Monthly Archives: April 2017

Start ups are Choosing Galway

Galway isn’t just a great place to live; it’s an ideal location for entrepreneurs who are starting their own businesses. John Breslin (Senior Lecturer, NUI Galway and Director, TechInnovate) outlines why start-ups are increasingly choosing Galway as their place of business.
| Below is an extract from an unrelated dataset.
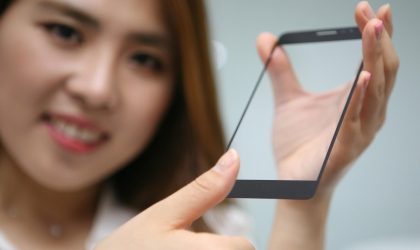 LG prezanton teknologjinë e sensorit të shenjave të gishtave nën xham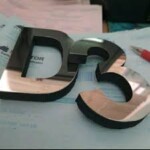 Huruf Timbul Stainless Spon Huruf Timbul Stainless Spon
Galway is an excellent base for start-ups. It’s compact enough to walk around most of the city area; it’s a college town with a young feel to it and lots of skilled talent; it’s multicultural; there’s lots to do within a one-hour drive of the place, from the Burren to Connemara; and it has a diverse tech ecosystem between the ICT and medtech sectors. One thing that was missing up until now was a downtown innovation cluster (like Dublin’s Digital Hub or Silicon Docks), with a density of creative, innovative and entrepreneurial types. But we are working to make that happen and to allow start-ups to flourish in proximity to transport, cafés and restaurants and shops, the harbour and the sea, and everything else that Galway has to offer (the PorterShed innovation hub, backed by AIB, is part of this effort).

Here are a few more reasons why start-ups should choose, and are choosing, Galway.

 

1. Friendly and Welcoming to Entrepreneurs

Galway has a long tradition of welcoming tourists and visitors – so much so that it was recently named as the “Friendliest City in the World” by Travel and Leisure Magazine – and that welcome is now being extended to entrepreneurs who want to start here and others who want to join existing start-ups here. This is being accomplished by the emergence of coworking spaces with seats for visitors, new start-up incubators, and initiatives like Enterprise Ireland’s dedicated competitive start-up fund for the West of Ireland. These initiatives, combined with the quality of life and the range of larger companies already present in the Galway tech ecosystem, makes it an exciting and enjoyable place to found, or be part of, a start-up.

 

2. Tech and Medtech Ecosystems

We are seeing closer cooperations between the multinationals and relevant start-ups in their space and related spaces – knitting together the ecosystems. Galway is a global medtech hub, with eight out of the top 10 medtech companies having operations on its doorstep. There have been some great indigenous medtech successes, with Embo (a spinout from BioInnovate) raising €3M in cash, and others like Apica and Creganna being acquired for tens or hundreds of millions. Similarly, there are exciting companies emerging in the ICT space: ExOrdo’s research conference management solution is contracted to major US corporates and is a preferred provider for IEEE conferences; Pocket Anatomy in Galway won The Next Web top start-up award for their 3D app of the human body and joined the US StartUp Health Academy; Birdleaf.io are gaining attention for their platform that provides customer demographics from email addresses; and BuilderEngine have a fantastic CMS offering to rival WordPress and Drupal that features easy-to-use inline editing and ecommerce functionality.

 

3. Downtown Hubs in “Silicon Square”

As with all capital cities, Dublin is where most of the start-up activity is happening. However, rents are overheating in the capital (for both company space and employee accommodation) and don’t show any immediate signs of cooling. Fortunately there are various efforts underway to make the regions more attractive to start-ups. One such example is the Galway City Innovation District, which we are currently kicking off with a new downtown innovation hub – the Portershed, backed by AIB.